Menghiasi bagian tubuh -yang bukan termasuk kewajiban dibasuh saat wudhu- dengan tato seperti di dada dan bagian dalam tubuh nan lain, juga tak diperbolehkan. Meskipun terdapat tato di bagian dalam tubuh nan bukan panca indera, seperti tangan dan kaki, tetap saja hal ini akan menghalangi kesucian saat orang nan bertato tersebut melakukan mandi junub atau mandi besar setelah melaksanakan interaksi suami istri. Dengan demikian, salatnya pun tak sah.

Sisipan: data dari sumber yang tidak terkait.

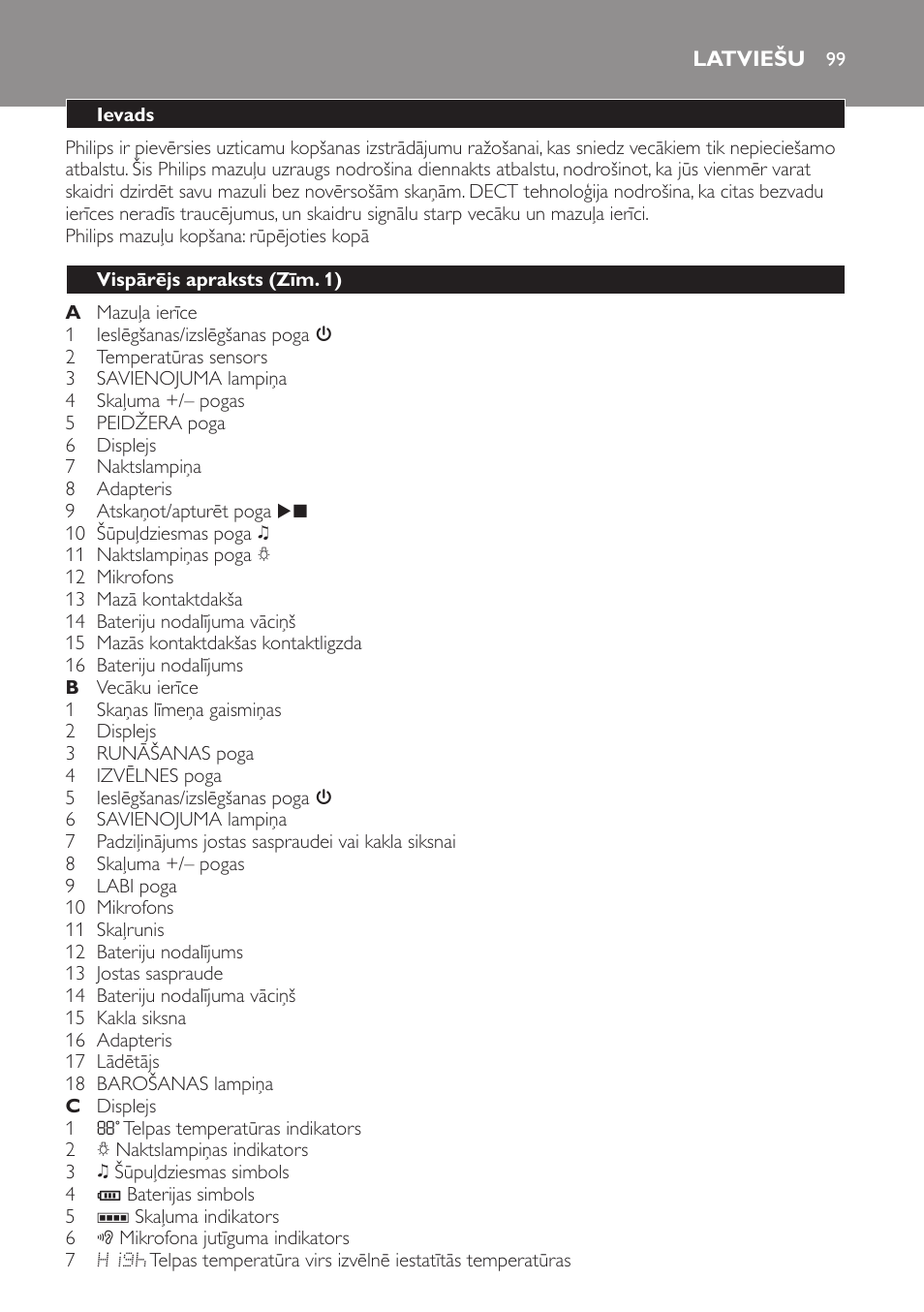 Latviešu, Ievads, Vispārējs apraksts﻿ (zīm. 1) | Philips MONITOR SCD489 User Manual | Page 99 / 196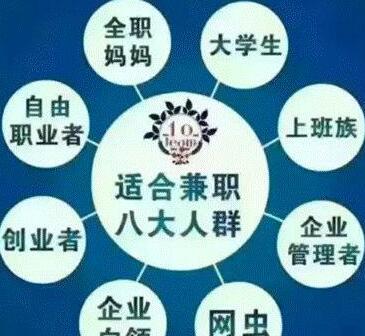淘寶補單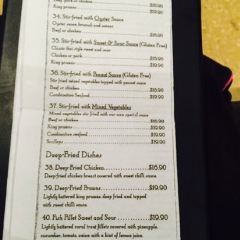 Cafe Thailand張用戶圖片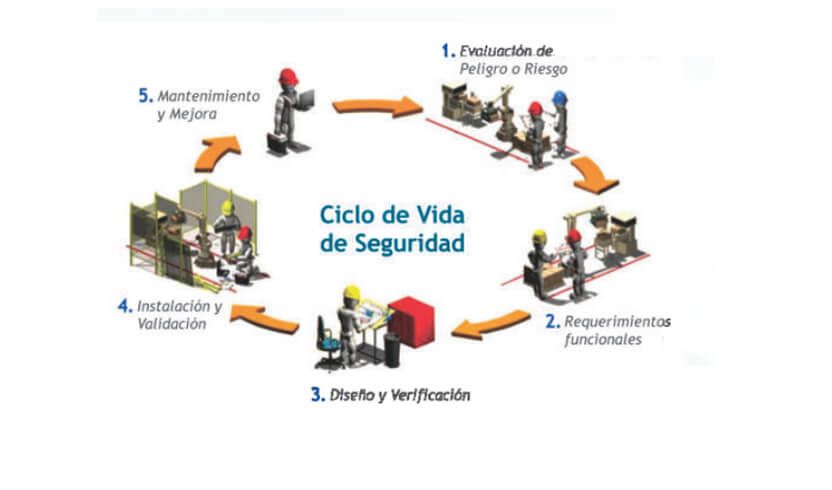 Servicios de Seguridad Industrial y Prevención de Riesgos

Bagaimana jika seseorang nan bertato kemudian sadar, bertaubat nasuha serta ingin menjadi muslim serta ingin melaksanakan salat? Jika memang orang nan bertato tersebut telah bersungguh-sungguh tobat kepada Allah Swt., tentunya hal ini msauk ke dalam klasifikasi darurat. Artinya, berdoalah memohon kepada-Nya mudah-mudahan Allah Swt. menerima semua amal ibadah salat dan mandi junub orang nan bertato tersebut.

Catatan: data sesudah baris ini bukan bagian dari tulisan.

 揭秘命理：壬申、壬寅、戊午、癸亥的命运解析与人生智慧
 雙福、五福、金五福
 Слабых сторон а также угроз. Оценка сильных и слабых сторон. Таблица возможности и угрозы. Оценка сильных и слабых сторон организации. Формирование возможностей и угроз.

Dalam Islam itu ada pintu darurat dan bisa diartikan yaitu hal-hal nan sebelumnya haram mungkin saja berubah menjadi halal sebab faktor kedaruratan tadi (orang bertato nan taubat). Oleh sebab itulah, sebagai seorang muslim lebih baik tak mendekati tato, apalagi sampai bertato.

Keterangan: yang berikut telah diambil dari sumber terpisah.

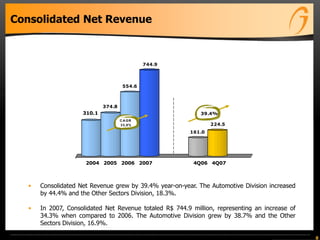 8
Consolidated Net Revenue
• Consolidated Net Revenue grew by 39.4% year-on-year. The Automotive Division increased
by 44.4% and the Other Sectors Division, 18.3%.
• In 2007, Consolidated Net Revenue totaled R$ 744.9 million, representing an increase of
34.3% when compared to 2006. The Automotive Division grew by 38.7% and the Other
Sectors Division, 16.9%.
310.1
374.8
554.6
744.9
161.0
224.5
2004 2005 2006 2007 4Q06 4Q07
C A GR
33,9%
39.4%
 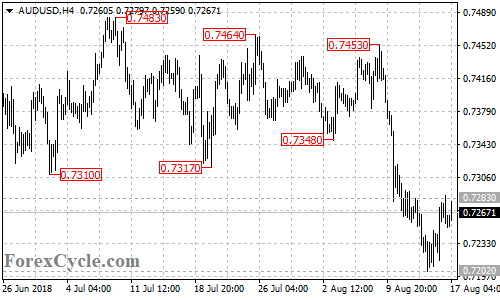 AUDUSD 4-hour chart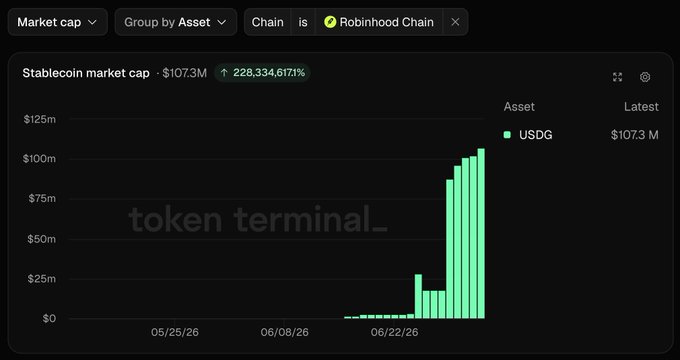 The image is a Token Terminal bar chart showing the stablecoin market cap on Robinhood Chain, dominated solely by USDG at $107.3M with a 228,334.6171% increase, reflecting rapid adoption since late June 2026 and supporting the post's thesis that USDG's status as Robinhood's default stablecoin is driving its market growth.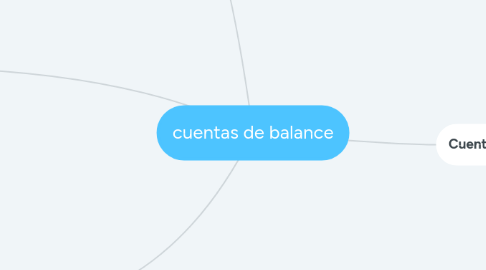 Mind Map: cuentas de balance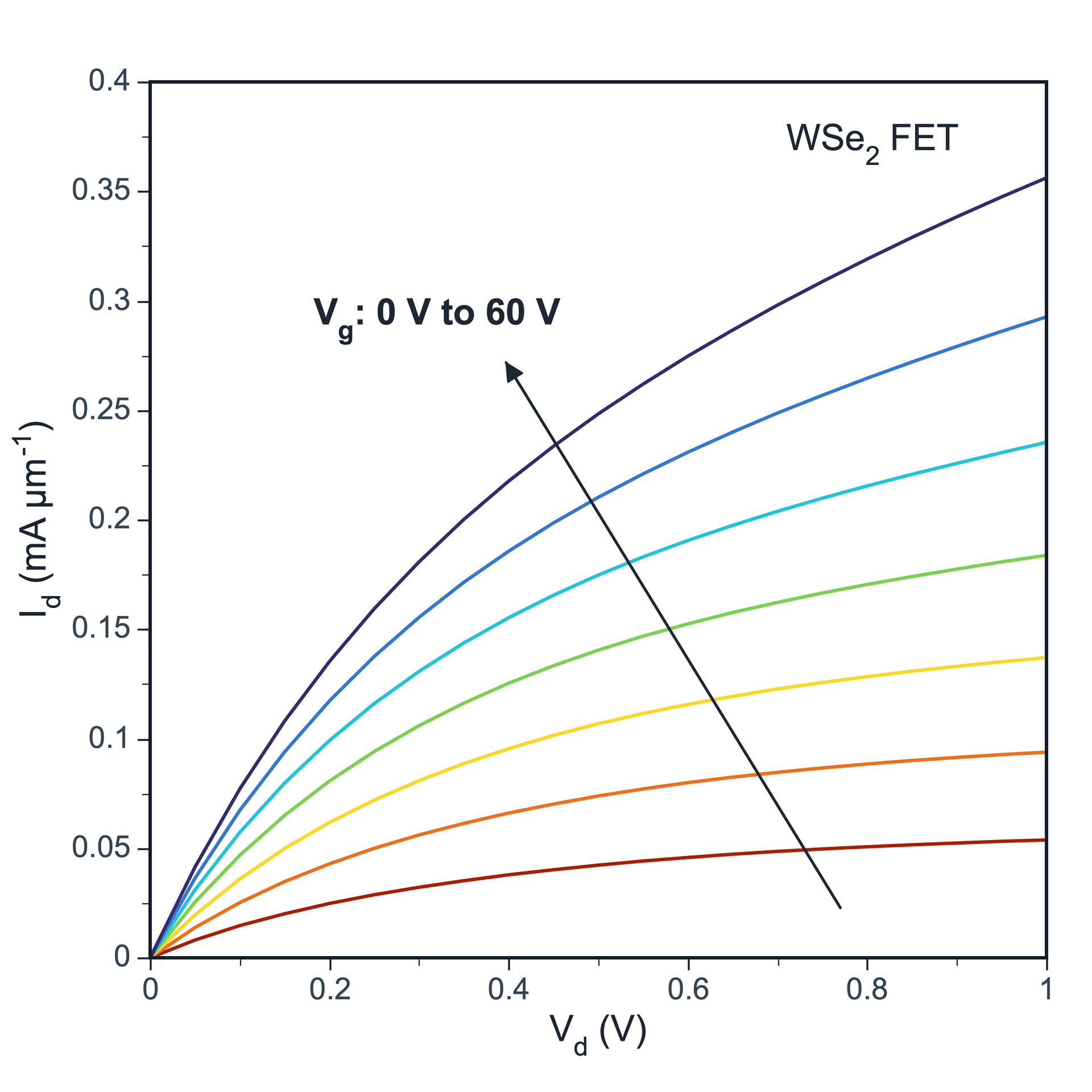 Line Plot preview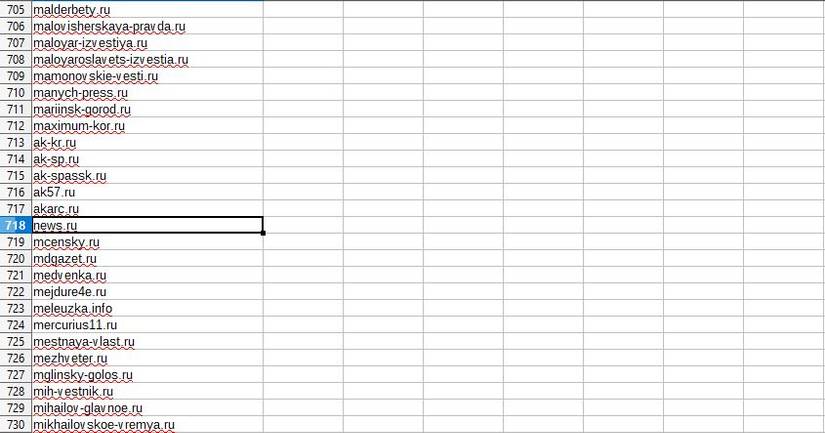 News.ru is listed in a spreradsheet published by Openfacto about websites linked to InfoRos.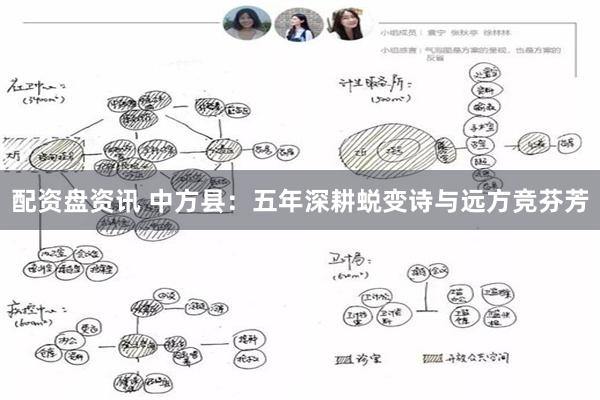 配资盘资讯 中方县：五年深耕蜕变诗与远方竞芬芳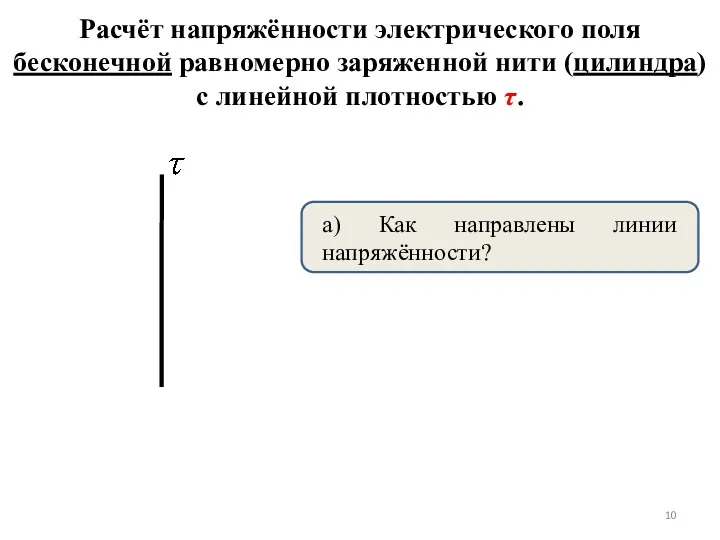 Расчёт напряжённости электрического поля бесконечной равномерно заряженной нити (цилиндра) с линейной плотностью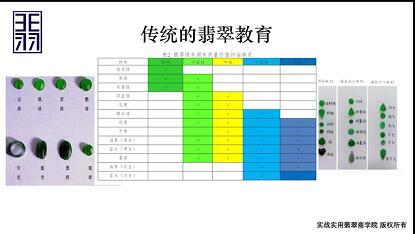 翡翠知识讲解视频,翡翠一课堂讲解知识-第4张图片-翡翠网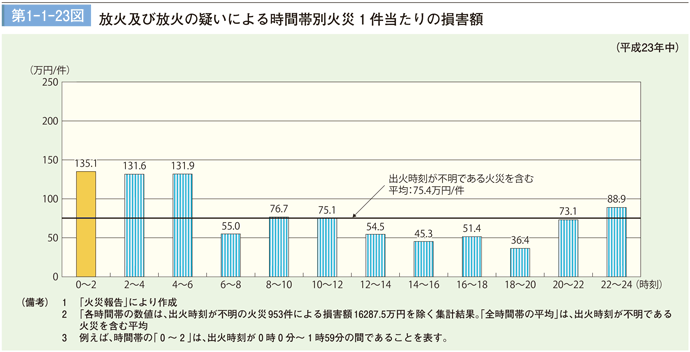 第1－1－23図　放火及び放火の疑いによる時間帯別火災１件当たりの損害額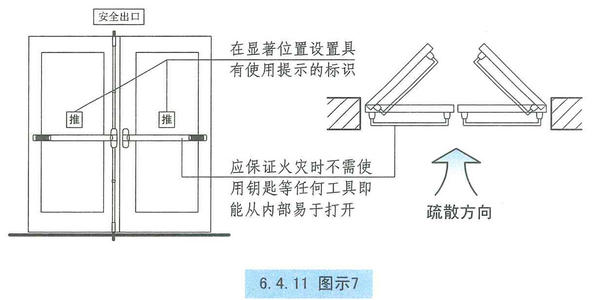 關于消防疏散門安裝推閂式逃生門鎖的規定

Bertato pada akhirnya akan mempersulit diri sendiri dalam beribadah kepada Allah Swt. Spesifik buat para remaja, orangtua atau pihak keluarga harus melakukan pendekatan secara hati-hati berkenaan dengan masalah tato ini. Remaja tak bisa dilarang dengan cara-cara nan keras atau kasar, terlebih masalah nan berhubungan dengan sesuatu nan sedang digandrungi, seperti menggunakan tato.
Menghapus Tatto - Pendapat Al-Imam An-Nawawi
Al-Iman An-Nawawi mengatakan bahwa tatto wajib dihapus jika memungkinkan buat dihilangkan. Tatto tak wajib dihilangkan jika dikhawatirkan melukai anggota tubuh, berisiko kehilangan anggota badan lainnya, kehilangan kegunaan dari anggota badan tersebut, atau takut terjadi sesuatu nan membahayakan bagi anggota tubuh nan ditatto. Jika bertobat, orang ini tak berdosa.
Sebaliknya, jika penghapusan tatto ini tak dikhawatirkan terjadi hal-hal seperti nan disebutkan di atas, hukumnya wajib dihilangkan. Dalam hal ini, seseorang dianggap melakukan maksiat jika menunda buat menghapus tatto di tubuhnya. Hal ini berlaku bagi laki-laki dan perempuan.